Source data:

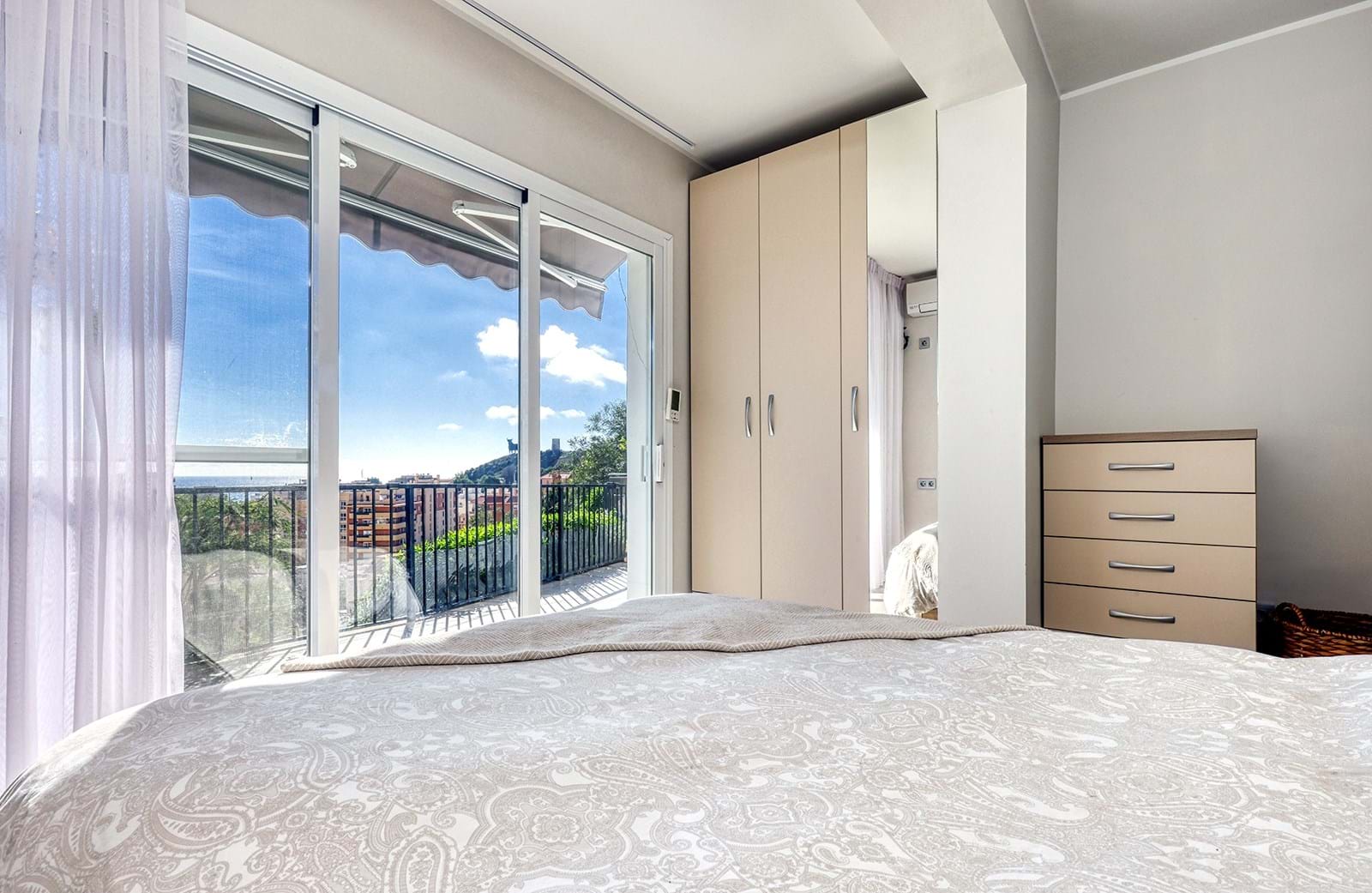 Malaga, Andalusia, 29640, 3 Bedrooms Bedrooms, ,5 BathroomsBathrooms,For Sale,TORB-VAN-01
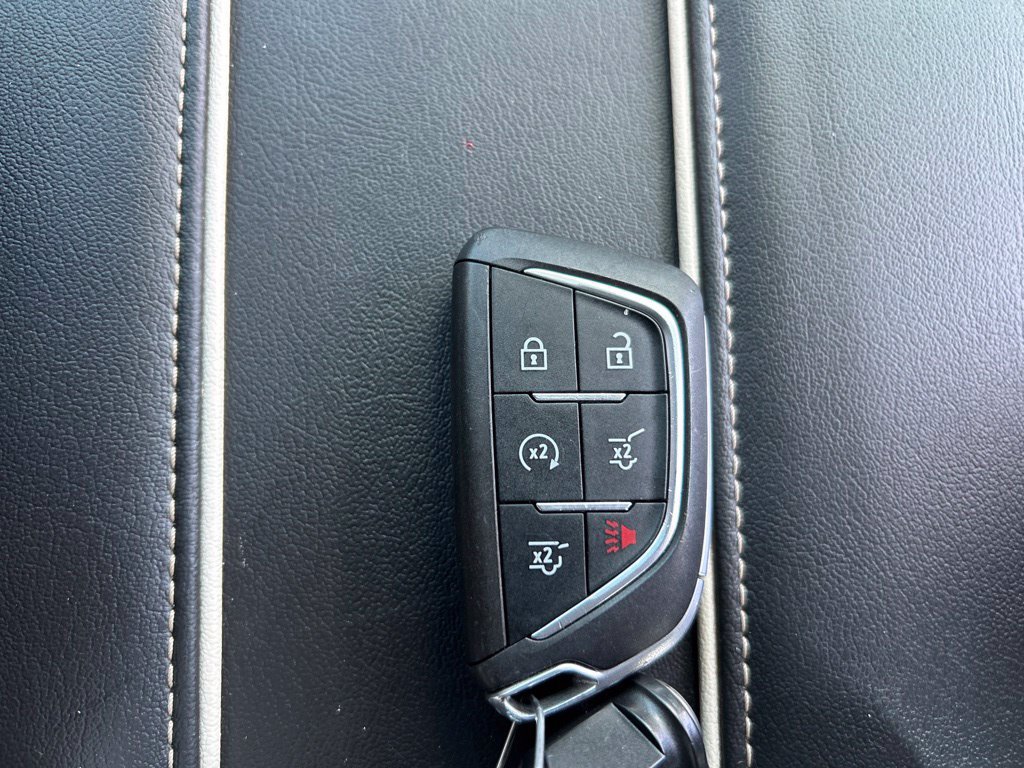 Used 2021 Cadillac Escalade ESV Premium Luxury w/ LPO, Radiant Package AWD/4WD image 36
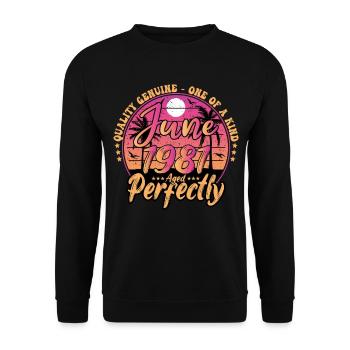 June 1981 anniversary 1981 Retro 1981 June - Unisex Sweatshirt - black - Front - Alina (178cm) & Michal (187cm)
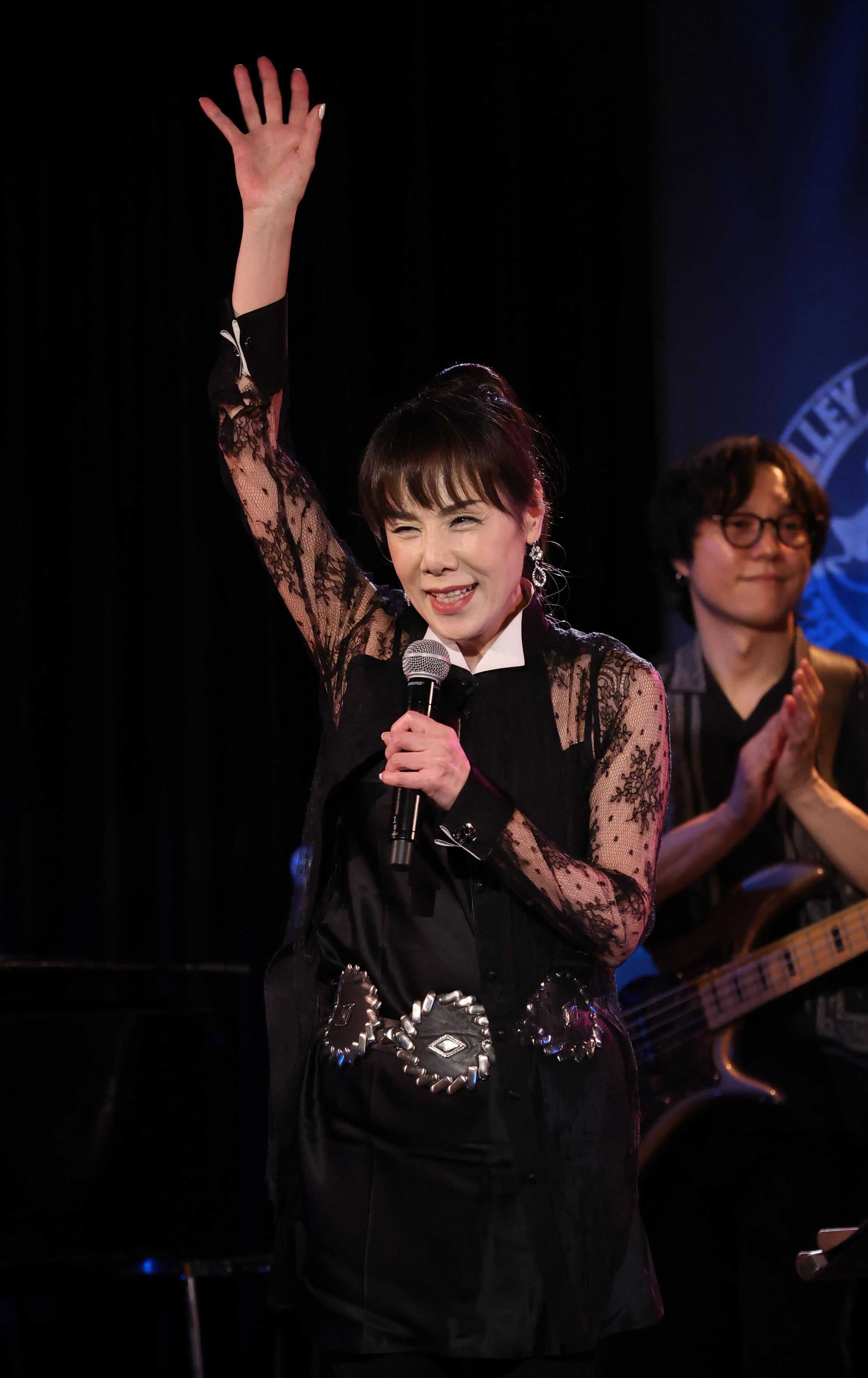 胸熱！ピンク・レディー×キャンディーズ 昭和トップアイドル2ショに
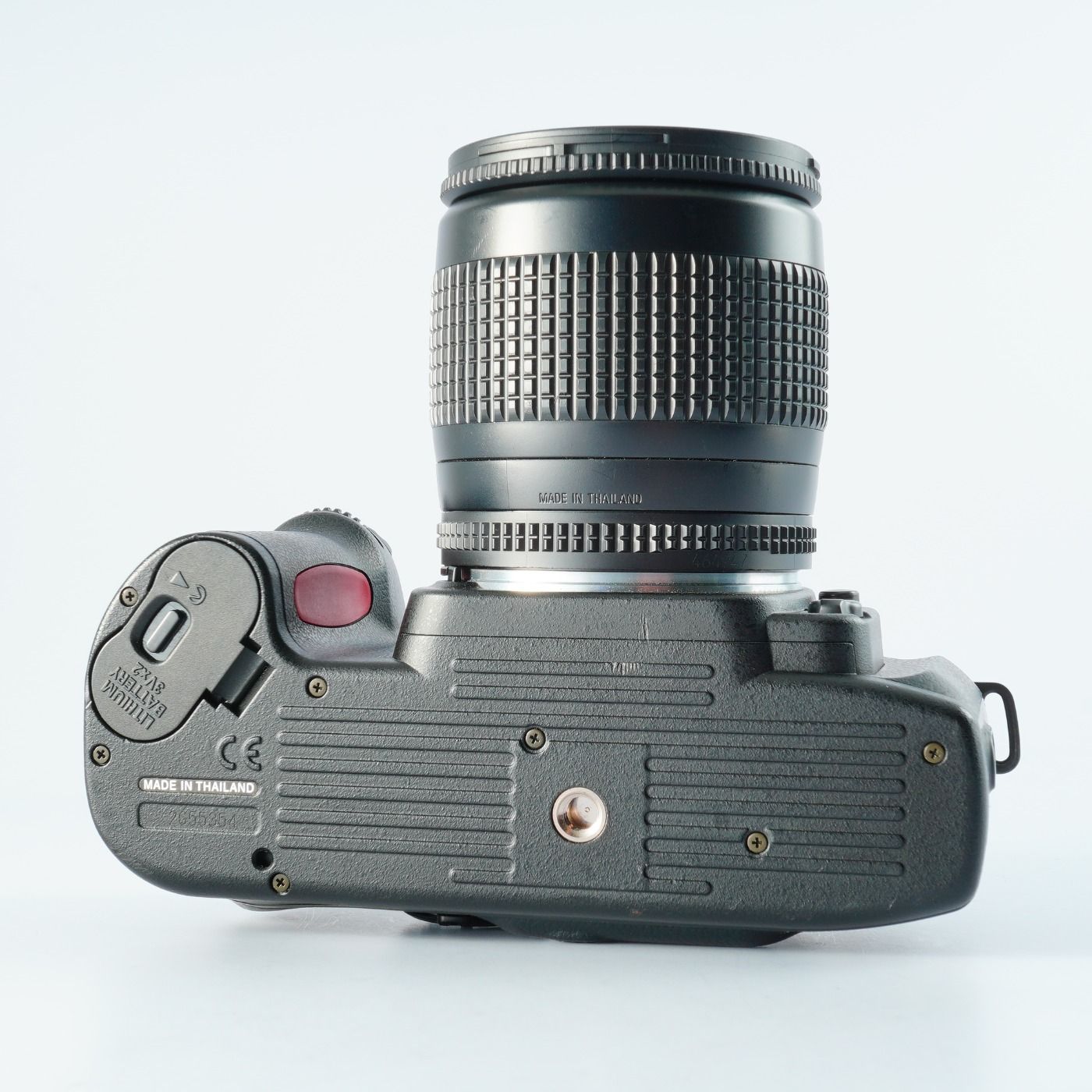 NIkon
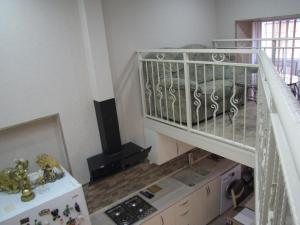 een kamer met een trap en een woonkamer bij Inna`s Studio in Tbilisi City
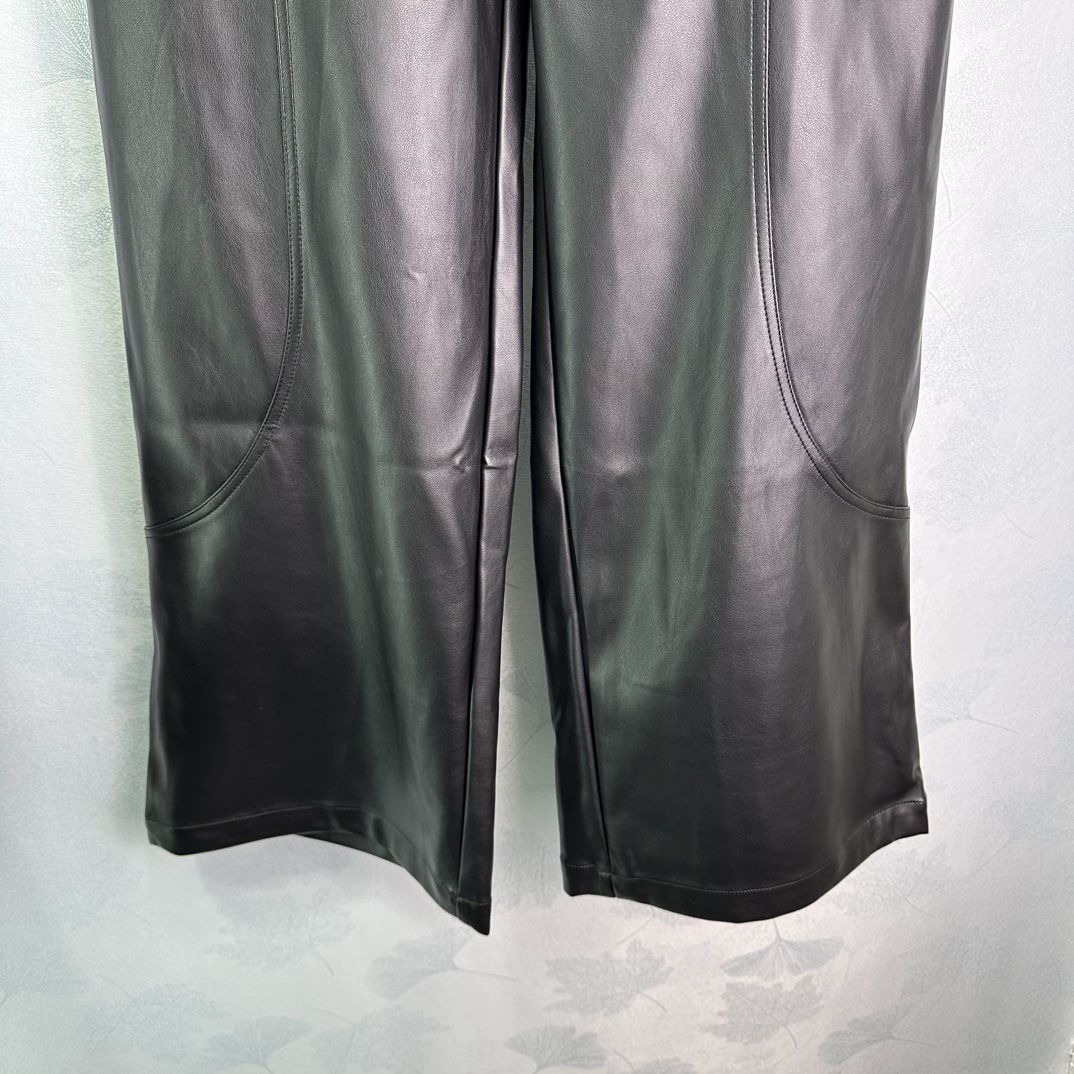 Sumptuous Velvet Wrappings: Goddess-like Monolith with Stylish Sophistication - 图片 7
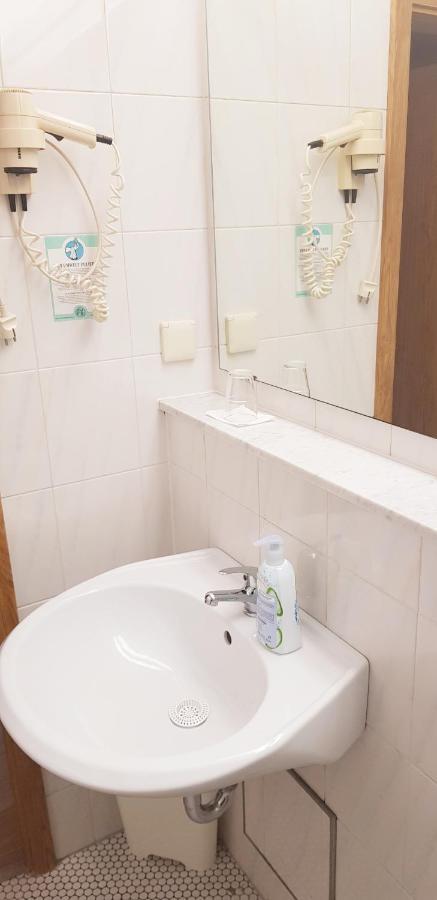 Hotel Baeren Лаймен Екстериор снимка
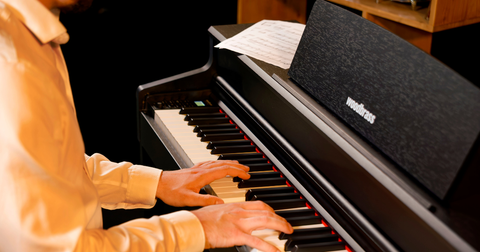 Woodbrass DP2 MK2: o piano digital móvel pensado para evoluíres em casa
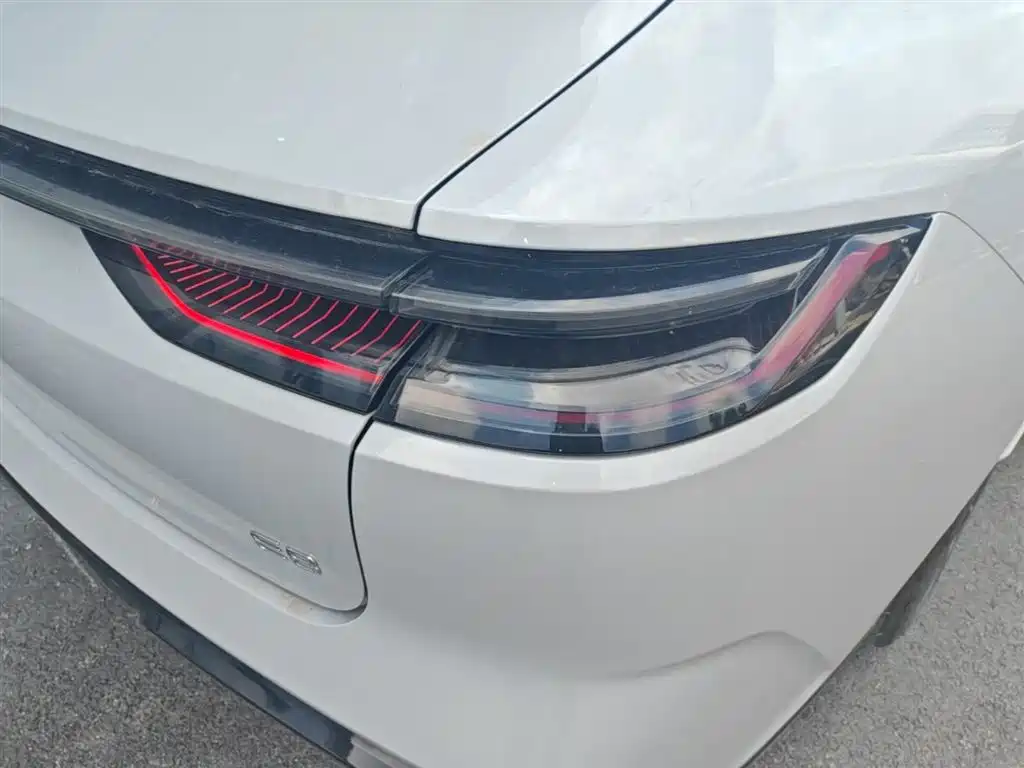 Geely Galaxy Galaxy E8 2025 700km Long Voyage Smart Drive Edition фото 7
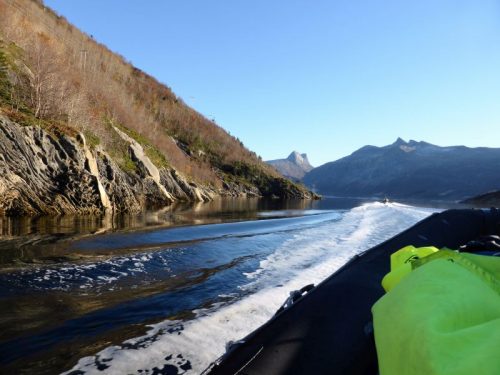 Dramatische Durchfahrt im Sundstraumen.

Goal of the exercise: When you copy the data, keep every line exact and drop the pictures.

Solved problem:
 Malaga, Andalusia, 29640, 3 Bedrooms Bedrooms, ,5 BathroomsBathrooms,For Sale,TORB-VAN-01
 Used 2021 Cadillac Escalade ESV Premium Luxury w/ LPO, Radiant Package AWD/4WD image 36
 June 1981 anniversary 1981 Retro 1981 June - Unisex Sweatshirt - black - Front - Alina (178cm) & Michal (187cm)
 胸熱！ピンク・レディー×キャンディーズ 昭和トップアイドル2ショに
 NIkon
 een kamer met een trap en een woonkamer bij Inna`s Studio in Tbilisi City
 Sumptuous Velvet Wrappings: Goddess-like Monolith with Stylish Sophistication - 图片 7
 Hotel Baeren Лаймен Екстериор снимка
 Woodbrass DP2 MK2: o piano digital móvel pensado para evoluíres em casa
 Geely Galaxy Galaxy E8 2025 700km Long Voyage Smart Drive Edition фото 7
 Dramatische Durchfahrt im Sundstraumen.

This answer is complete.